• **Your instructions**: Retype the whole listing below exactly, keeping every picture out of it.

• **Data below**:
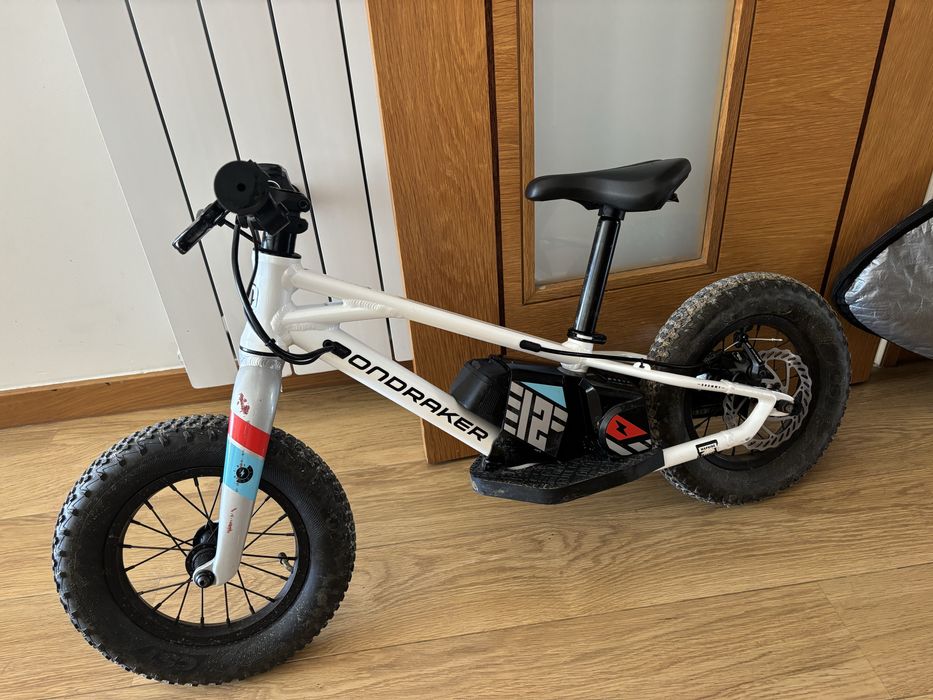 Bicicleta/mota eletrica infantil criança Mondraker Grommy 12 branca
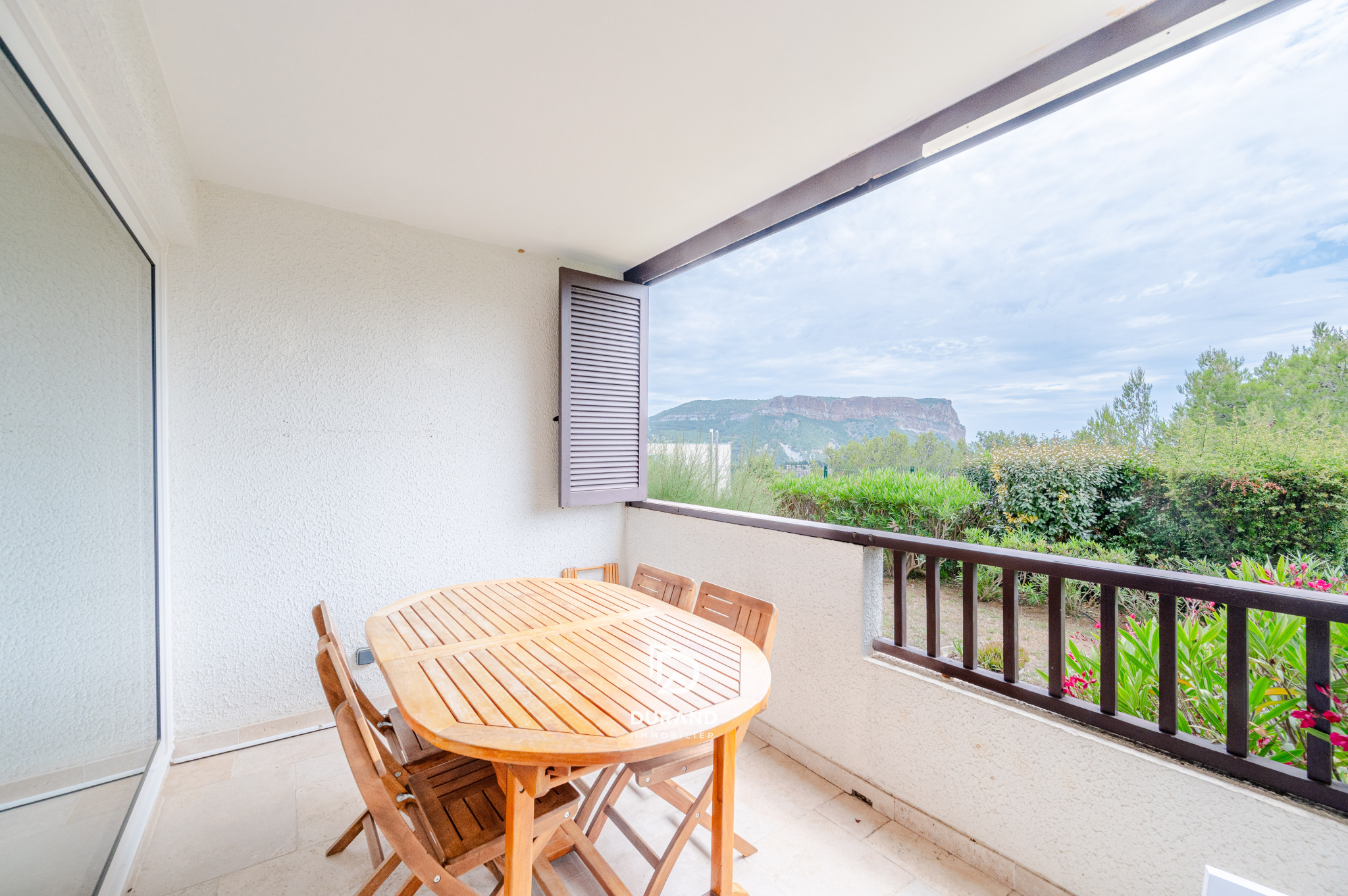 APPARTEMENT – VUE – TERRES MARINES – 13260 CASSIS APPARTEMENT - VUE - TERRES MARINES - 13260 CASSIS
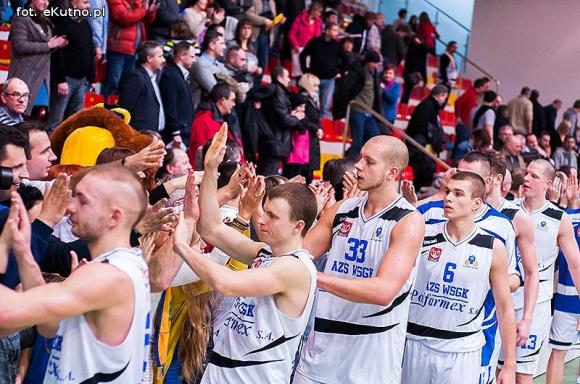 Tur(ów) za silny. AZS rozbity w Pucharze Polski Intermarché Basket Cup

• **Result of this task**:
 Bicicleta/mota eletrica infantil criança Mondraker Grommy 12 branca
 APPARTEMENT – VUE – TERRES MARINES – 13260 CASSIS APPARTEMENT - VUE - TERRES MARINES - 13260 CASSIS
 Tur(ów) za silny. AZS rozbity w Pucharze Polski Intermarché Basket Cup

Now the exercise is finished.